Dans ce cadre commun, il y a parfois eu des divergences de vues quant aux réalisations effectives de certains peuples. Certains anthropologues, se qualifiant souvent d' »évolutionnistes », soutiennent que certains peuples ont atteint des états de culture « supérieurs », laissant derrière eux – au moins temporairement – d’autres peuples. Ils pensent que les différences entre les peuples « civilisés » et « primitifs » sont le résultat de circonstances environnementales, culturelles et historiques. D’autres anthropologues, fréquemment appelés relativistes culturels, soutiennent que le point de vue évolutionniste est ethnocentrique, dérivant d’une disposition humaine à caractériser les groupes autres que le sien comme inférieurs, et que tous les groupes humains survivants ont évolué de la même façon, mais de manière différente.

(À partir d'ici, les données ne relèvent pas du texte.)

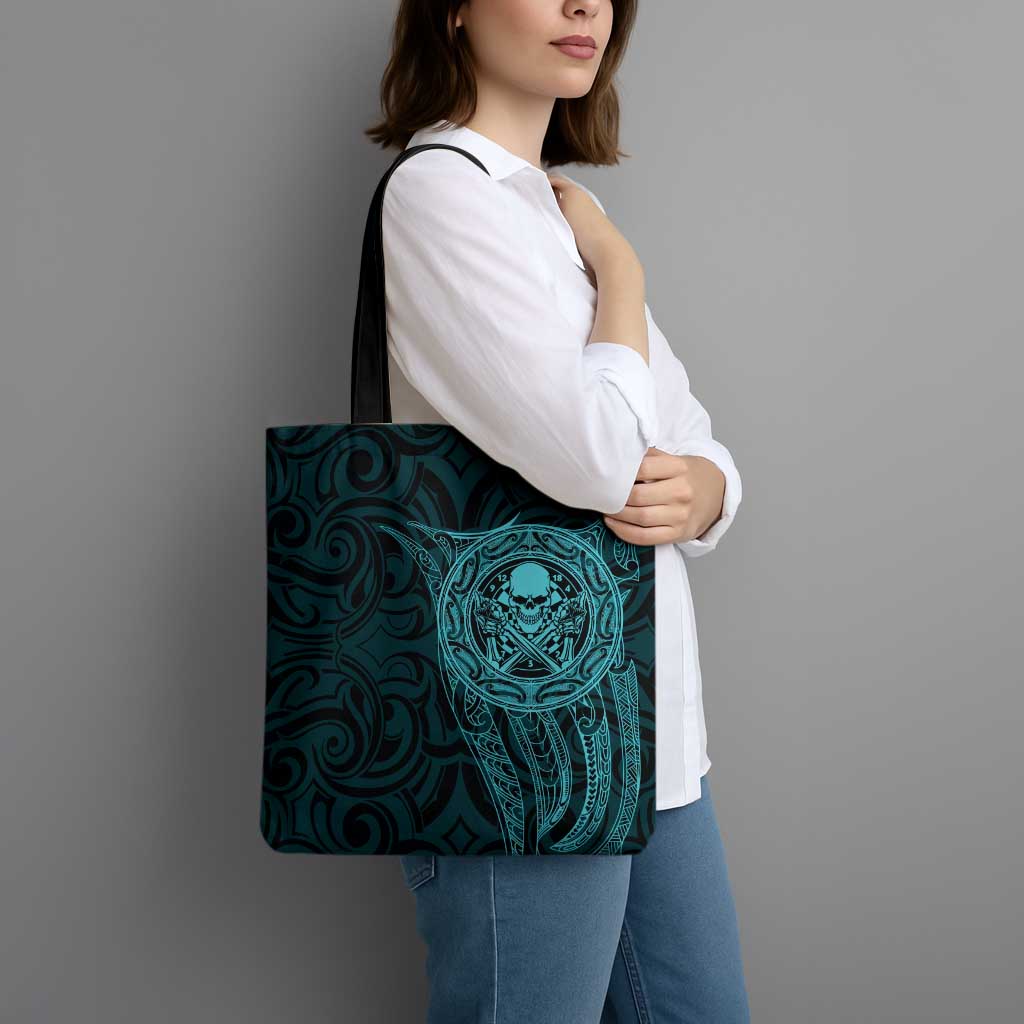 New Zealand Skull Darts Tote Bag Aotearoa Maori Chest Tattoo Stylized Teal - Polynesian Pride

Franz Boas était de la seconde persuasion. Comme les anthropologues britanniques et américains du dernier tiers du XIXe siècle n’étaient pas particulièrement disposés à l’égard de cette opinion, le fait que Boas ait réussi à la faire dominer de façon écrasante était d’autant plus remarquable. Alors qu’il avait initialement supposé, en tant que spécialiste des sciences naturelles, qu’il devait exister des lois universelles expliquant comment les différents peuples ont abouti à leurs modes de vie caractéristiques, il a conclu que le problème était trop complexe pour une solution générale. Les lois de causalité culturelle, affirmait-il, devaient être découvertes plutôt que supposées.
Le point de vue de Boas exige que l’anthropologue soit capable de comprendre tous les facteurs susceptibles d’influencer l’histoire des peuples. Ainsi, pour affirmer que les différences culturelles ne sont pas le résultat de différences biologiques, il faut connaître quelque chose de la biologie ; et pour voir les interrelations entre les humains et leur environnement, l’anthropologue doit comprendre des choses telles que la migration, la nutrition, les coutumes d’éducation des enfants et les maladies, ainsi que les mouvements et les interrelations des peuples et de leurs cultures. L’anthropologie devient alors holistique et éclectique, impliquée dans tout domaine de la science ou de l’érudition qui semble pertinent pour un problème particulier.